- EXERCISE DETAILS
Reproduce the records word for word, apart from the images they contain.
::::::::
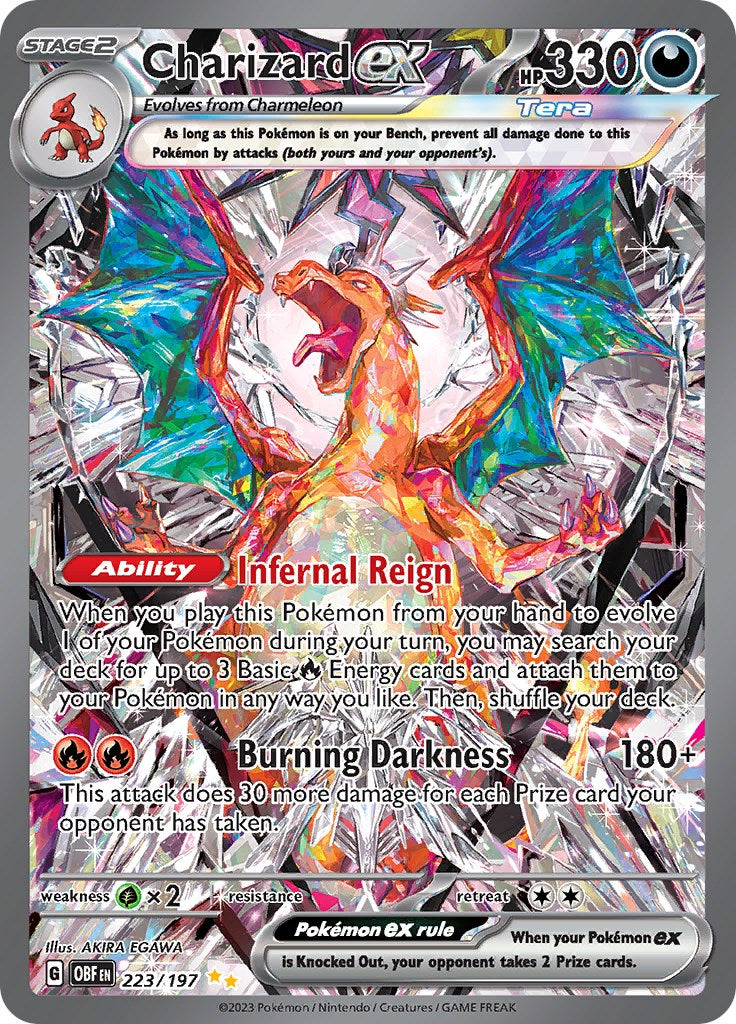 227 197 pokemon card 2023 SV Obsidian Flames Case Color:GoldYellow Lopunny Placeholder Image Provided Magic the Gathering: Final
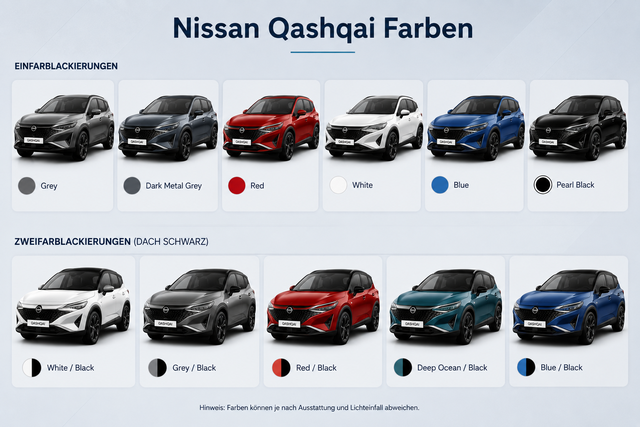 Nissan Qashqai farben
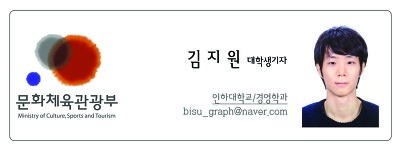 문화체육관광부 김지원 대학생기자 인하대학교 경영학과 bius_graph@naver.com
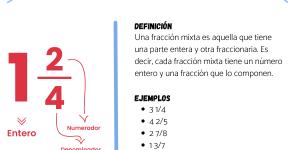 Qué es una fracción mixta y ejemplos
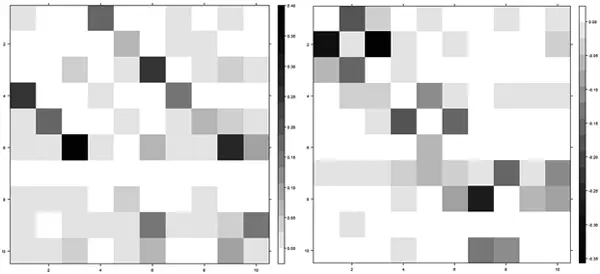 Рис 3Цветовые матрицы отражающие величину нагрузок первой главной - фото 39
::::::::
- RESULT FOR THIS EXERCISE
 227 197 pokemon card 2023 SV Obsidian Flames Case Color:GoldYellow Lopunny Placeholder Image Provided Magic the Gathering: Final
 Nissan Qashqai farben
 문화체육관광부 김지원 대학생기자 인하대학교 경영학과 bius_graph@naver.com
 Qué es una fracción mixta y ejemplos
 Рис 3Цветовые матрицы отражающие величину нагрузок первой главной - фото 39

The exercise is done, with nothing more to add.